Nunca quisieron alcanzar el cielo.
No en aquellas tardes cuando las piedras de la ciudad sudaban bajo el bochorno condensado en sus gritos extremos. No cuando secaban sus lenguas lamiendo la sorpresa de lo desconocido.
Nunca se prometieron el cielo.
No cuando él le regalaba cada gota de agua recogida en años de deseos reprimidos, embalsados en ciénagas de enfermedades que le hicieron creer, charcas agonizantes de vida agonizante.
Es que, nunca quisieron alcanzar el cielo.
No cuando ella le dejaba intuir el punto aproximado donde brotan todas las alas, cuando clavaba en su espalda la ansiedad de la incertidumbre del mañana.
Pero no, no querían el cielo.
No cuando el M.D.M.A. elevó sus sensibilidades cinco centímetros sobre la piel en orgías salinas de mil estrellas nacientes prendiendo el placer.
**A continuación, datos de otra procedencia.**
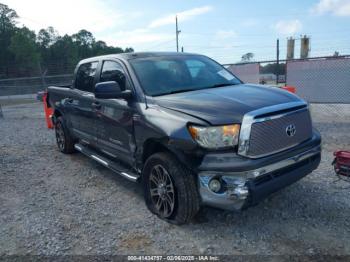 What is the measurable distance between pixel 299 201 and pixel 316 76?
8.24 meters

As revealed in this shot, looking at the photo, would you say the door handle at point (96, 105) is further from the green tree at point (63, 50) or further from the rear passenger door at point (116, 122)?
the green tree at point (63, 50)

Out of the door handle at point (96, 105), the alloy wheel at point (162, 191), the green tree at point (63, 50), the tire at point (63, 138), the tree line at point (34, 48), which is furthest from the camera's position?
the green tree at point (63, 50)

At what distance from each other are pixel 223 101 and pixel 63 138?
4311 millimetres

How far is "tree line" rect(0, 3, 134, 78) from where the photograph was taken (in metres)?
47.5

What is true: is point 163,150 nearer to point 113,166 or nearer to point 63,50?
point 113,166

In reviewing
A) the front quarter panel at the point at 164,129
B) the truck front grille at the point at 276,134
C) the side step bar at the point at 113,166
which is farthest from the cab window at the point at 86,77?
the truck front grille at the point at 276,134

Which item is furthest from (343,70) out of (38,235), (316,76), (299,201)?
(38,235)

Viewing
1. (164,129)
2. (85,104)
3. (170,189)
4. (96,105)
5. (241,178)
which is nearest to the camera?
(241,178)

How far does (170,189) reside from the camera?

No, no y no, el cielo, no.
Pero comenzaron a volar, olvidaron que las promesas son ese gato escurridizo que desaparece ante una visita inesperada.
Pero comenzaron a volar y de improviso llegó el frío con su mejor traje de costumbre.
Pero comenzaron a volar y sus pieles se escarcharon entre miradas interrogantes.
Pero comenzaron a volar, ya ves, ellos que nunca se habían prometido el cielo, comenzaron a caer, ya ves, nunca quisieron, nunca alcanzar el cielo.
Tampoco el suelo, ya ves, mira sus cuerpos inertes sobre la acera, agonizantes de ilusión, sin derecho a réplica.